DATA FOR ANALYSIS ▸
_ _ _ _ _ _ _

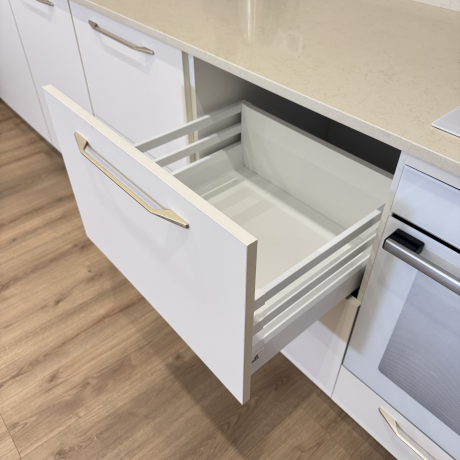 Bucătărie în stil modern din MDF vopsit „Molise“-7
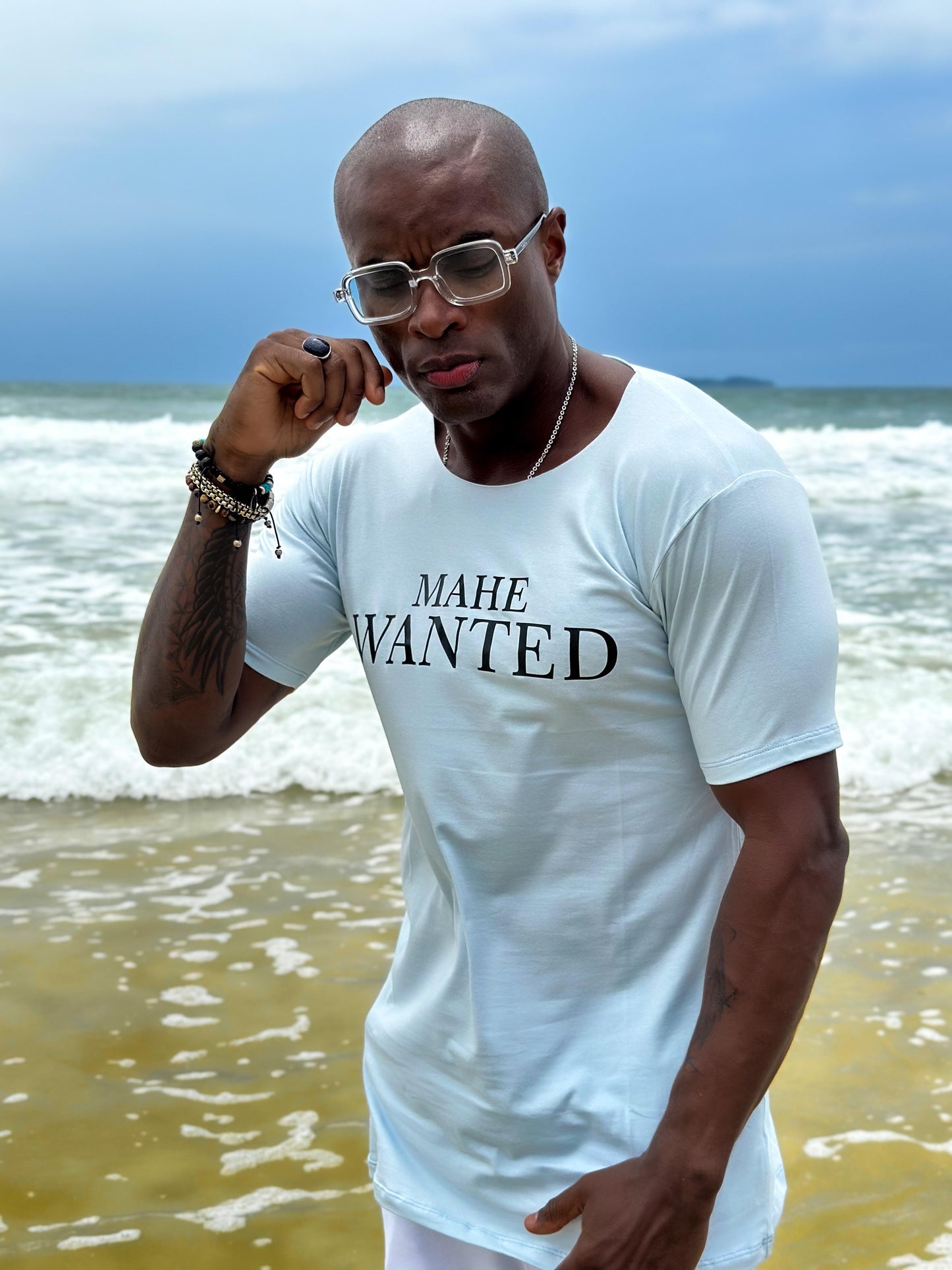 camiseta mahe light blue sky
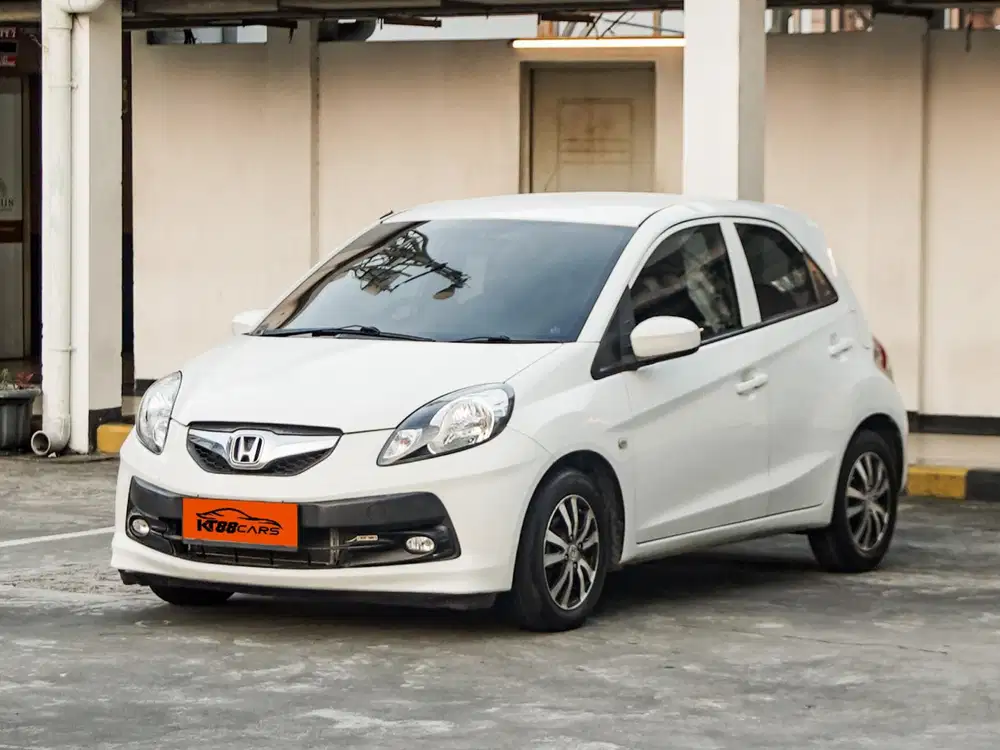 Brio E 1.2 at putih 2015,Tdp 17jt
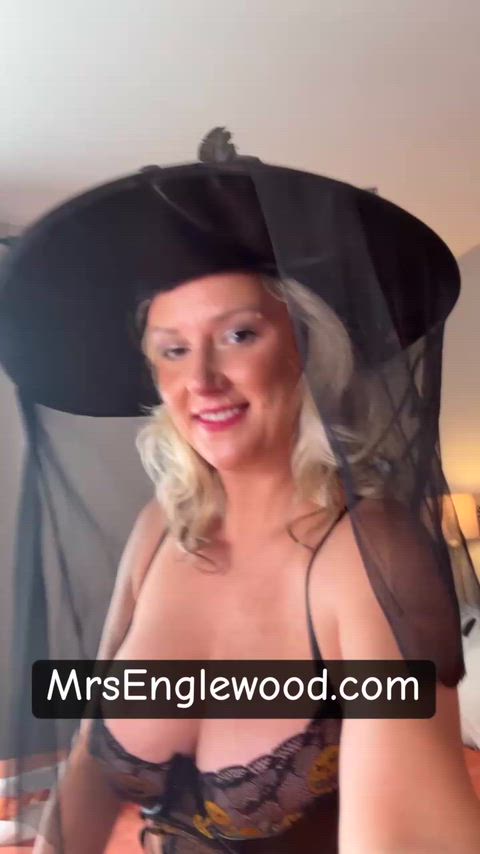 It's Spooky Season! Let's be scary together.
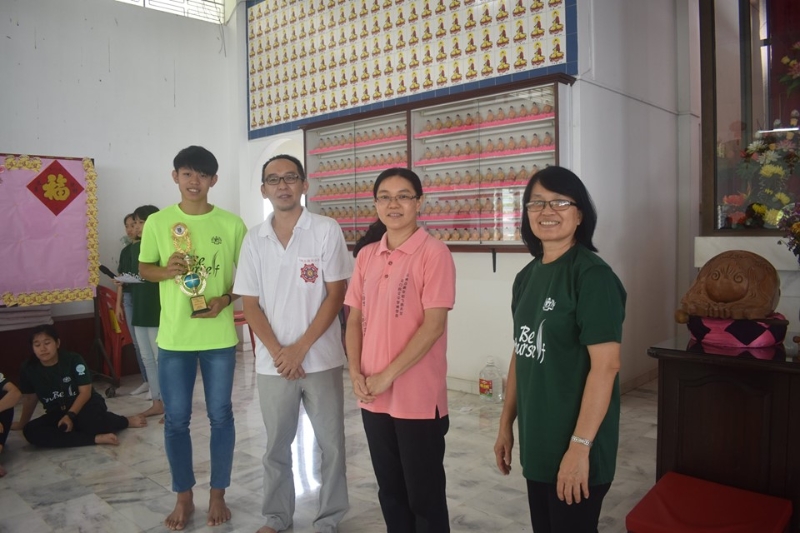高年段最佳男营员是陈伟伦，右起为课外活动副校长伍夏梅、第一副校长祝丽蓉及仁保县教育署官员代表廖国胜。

_ _ _ _ _ _ _

WHAT YOU ARE ASKED TO DO ▸
Pictures stay out of this copy. Retype exactly the lines from the one with "camiseta mahe light blue sky" through the last line of the data, both ends included, and nothing more.

WORKED SOLUTION ▸
 camiseta mahe light blue sky
 Brio E 1.2 at putih 2015,Tdp 17jt
 It's Spooky Season! Let's be scary together.
高年段最佳男营员是陈伟伦，右起为课外活动副校长伍夏梅、第一副校长祝丽蓉及仁保县教育署官员代表廖国胜。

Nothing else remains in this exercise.